Beginning with the line that holds "Pink Cactus Doodle" and ending with the last line of the entries below, copy every line exactly and nothing else, with the pictures left out.

* _Task inputs_:
· · · · ·

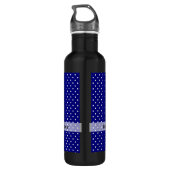Marine blauw polka dot patroon waterfles  (Achterkant)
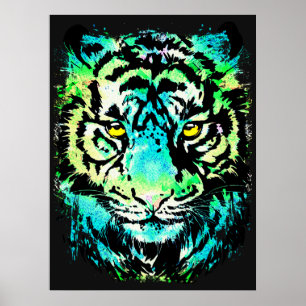 Dunkles Tiger Poster - farbenfrohe Tiger Eyes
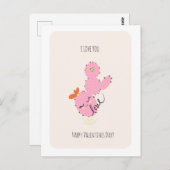 Pink Cactus Doodle Valentines Day  Postcard Postkarte (Vorne/Hinten)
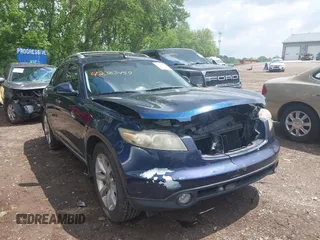 2005 Infiniti FX with VIN JNRAS08U95X105799, listed as a IAAI auction lot 42383457 with 206,645 mi miles and . Bid and sale history available at DreamBid. Image 1.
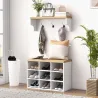 Recibidor con Perchero y Banco Zapatero Muebles de Entrada con 3 Ganchos y Estantes para 9 Pares de Zapatos Blanco - Ogal.Es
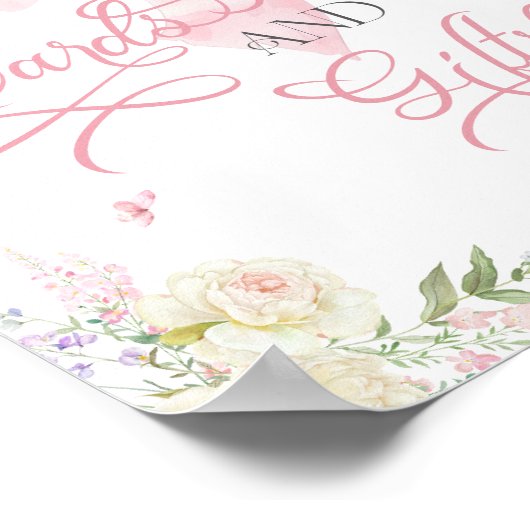 Baby in Bloom Soft Pink Bow Karten und Geschenke Poster (Ecke)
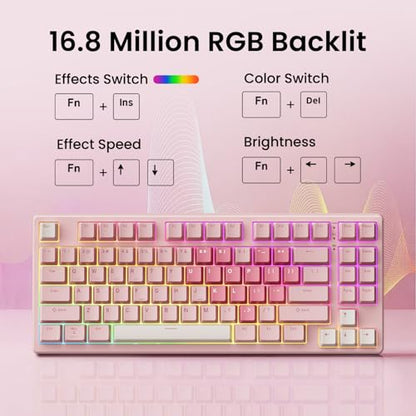 Kisnt KN85 Wireless Mechanical Keyboard, 75% Layout, Bluetooth/2.4GHz/USB-C, Custom RGB Backlit, Hot-Swappable Linear Switch, Creamy Sound for Gaming/Typing (Rose Pink) - color: Rose Pink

· · · · ·

* _The answer_:
 Pink Cactus Doodle Valentines Day  Postcard Postkarte (Vorne/Hinten)
 2005 Infiniti FX with VIN JNRAS08U95X105799, listed as a IAAI auction lot 42383457 with 206,645 mi miles and . Bid and sale history available at DreamBid. Image 1.
 Recibidor con Perchero y Banco Zapatero Muebles de Entrada con 3 Ganchos y Estantes para 9 Pares de Zapatos Blanco - Ogal.Es
 Baby in Bloom Soft Pink Bow Karten und Geschenke Poster (Ecke)
 Kisnt KN85 Wireless Mechanical Keyboard, 75% Layout, Bluetooth/2.4GHz/USB-C, Custom RGB Backlit, Hot-Swappable Linear Switch, Creamy Sound for Gaming/Typing (Rose Pink) - color: Rose Pink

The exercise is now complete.